The association applauded the “superb” speech by Byron Mayor Michael Lyon, who has been a strong advocate for restored train services.
“The transcript of his speech should be circulated because it is a template for every council in NSW planning a trail rail where an unviable railway proposal is in play,” Rail Trails Australia says on its website.
As one of Australia’s major domestic and international tourist attractions, Byron Shire has been viewed as crucial for the NRRT to realise its full potential in northern NSW.
However, while the other three local governments along the full 132km route – the Tweed, Lismore and Richmond Valley shire councils – are all at varying stages of establishing the trail in their areas, the Byron council had strongly resisted its involvement. Instead, it had remained steadfast in pushing for rail services, such as a tourist train, along the corridor.
Byron Shire Mayor Michael Lyon said last month’s vote, after considering investigative reports on the future uses of the shire’s rail corridor, was an historic decision that followed years of debate.
“We owe it to our community to deliver on something now that can happen, that can be used by our residents and their families and that can be optimised to bring a whole raft of other benefits to our community.”
“It was a tough and long debate as many of us support, or have supported, a multi-use rail corridor in the past to keep the possibility of rail returning to our tracks for public transport,” Councillor Lyon said.
“However, as I said in my speech, it was four years ago that we were investigating the feasibility of rail on a multi-use corridor and since then, we haven’t been able to meaningfully advance the case for trains on our tracks in the Byron Shire.
“Whereas the business case for the rail trail is concrete and real and it’s on show in the Tweed Shire and it’s been funded by government.
“We owe it to our community to deliver on something now that can happen, that can be used by our residents and their families and that can be optimised to bring a whole raft of other benefits to our community.
“I think it’s time we take the opportunity before us to deliver something meaningful for our community.”
The council’s resolution also outlines its objective to secure a lease over as much of the corridor as possible, to ensure it remains in public hands.
It also reiterates Council’s ongoing support for multi-use of the rail corridor between Byron Bay and Mullumbimby.
Tweed Shire Council officially opened the NRRT’s first section, from Murwillumbah to Crabbes Creek, in March and last month reported 70,500 people had used the 24km section in its first three months, smashing predictions when the project was being established.
North East Rail Trail Breakthrough
An extension of Tasmania’s North East Rail Trail also cleared a hurdle recently, with the Tasmanian Civil and Administrative Tribunal dismissing an appeal against the project.
The ruling clears the way for Dorset Council to proceed with the 41km extension from Lilydale Falls to Scottsdale and on to Wyena in the Launceston district.
City of Launceston council voted in February to approve its 14km section, a year after Dorset Council endorsed its own 27km stretch.
At the time, Dorset Mayor Greg Howard predicted an “inevitable” appeal against City of Launceston’s resolution from heritage train supporters.
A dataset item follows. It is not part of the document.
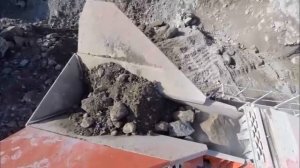 Работа роторной дробилки Terex Finlay I 140 в  карьере Quarry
His predication proved correct when train supporters opposed the council decision on two grounds: that the council should have referred the development application to the Board of the Environment Protection Authority, and the crushing of railway ballast to build the trail would unreasonably impact water quality in nearby watercourses.
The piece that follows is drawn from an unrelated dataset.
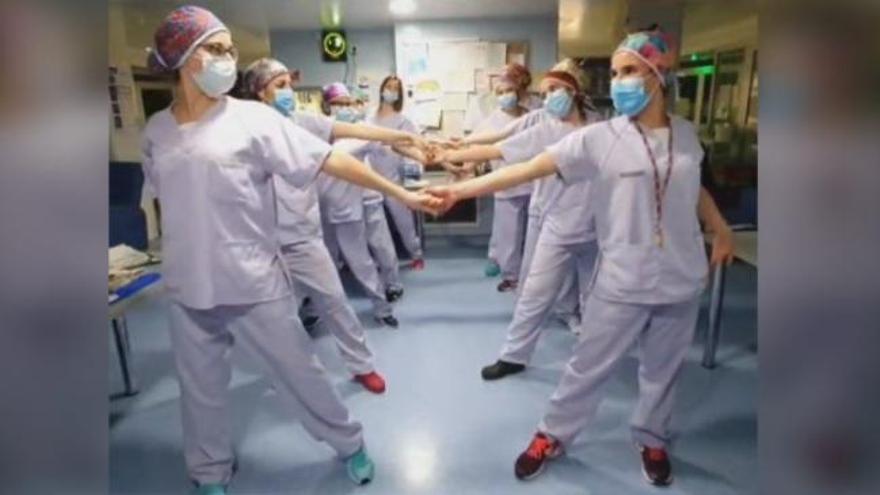 La UCI del Hospital Clínico de València canta y baila al Covid-19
While the tribunal dismissed both grounds, it ordered Launceston Council to amend its development approval permit to reflect evidence and conditions discussed at the hearing, including protecting watercourses from contamination.
The full trail extension project can now proceed unless the train supporters take their case against Launceston Council to the Supreme Court.
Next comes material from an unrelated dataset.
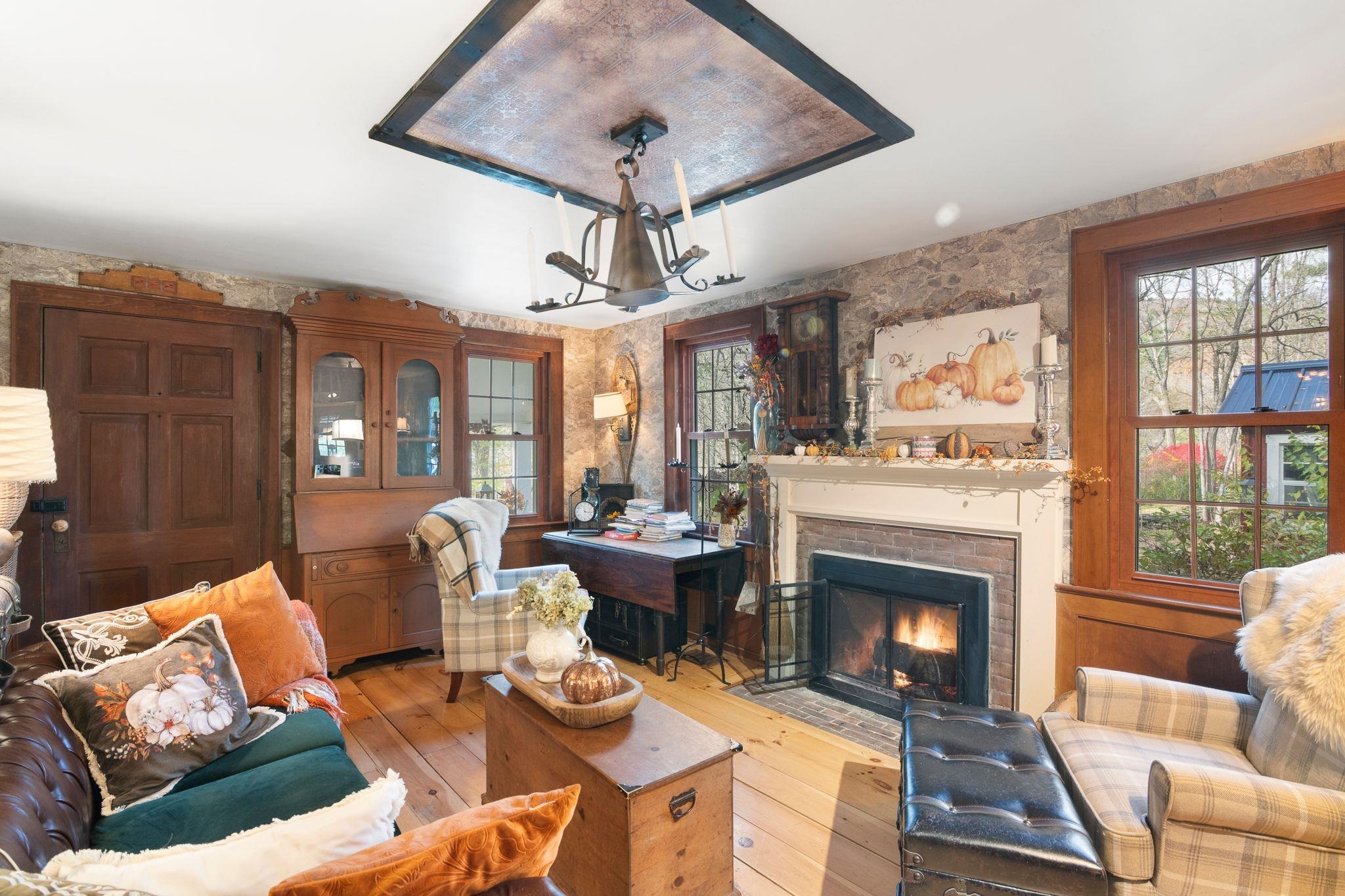 12 Cross Street Newfane, VT 05345 - Photo 11 of 34 Gallery Image 11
However, the NE Rail Trail extension has encountered another setback, with Dorset Council’s panel of elected councillors suspended in July while an inquiry is conducted into suspected statutory non-compliance by the council.
The Tasmanian Government announced a Board of Inquiry would be established to investigate allegations at Dorset Council of widespread statutory non-compliance and failings of good governance.
The inquiry is expected to take around seven months and a commissioner, Andrew Wardlaw, was appointed to assume the role of the panel of councillors during its suspension.
The commissioner is calling for a review of the rail trail project and he expects that will take a number of weeks, before the project comes back to a future Dorset council meeting in late 2023 or early 2024 for any further decisions.
“It’s some years since they costed this project. We will do a review of the project to understand what the risks are, including the financial risk. What are the environmental conditions and can we still meet them,” he said.
“Is it still fully funded? That will be the first question.”
The council received an extension in September 2020 to a $1.47 million funding grant from the Federal Government to build the trail.
Councillor Howard has previously said the Launceston council area section was essential for the extension to proceed, building on the original 26km trail built a decade ago from Billycock Hill to Scottsdale.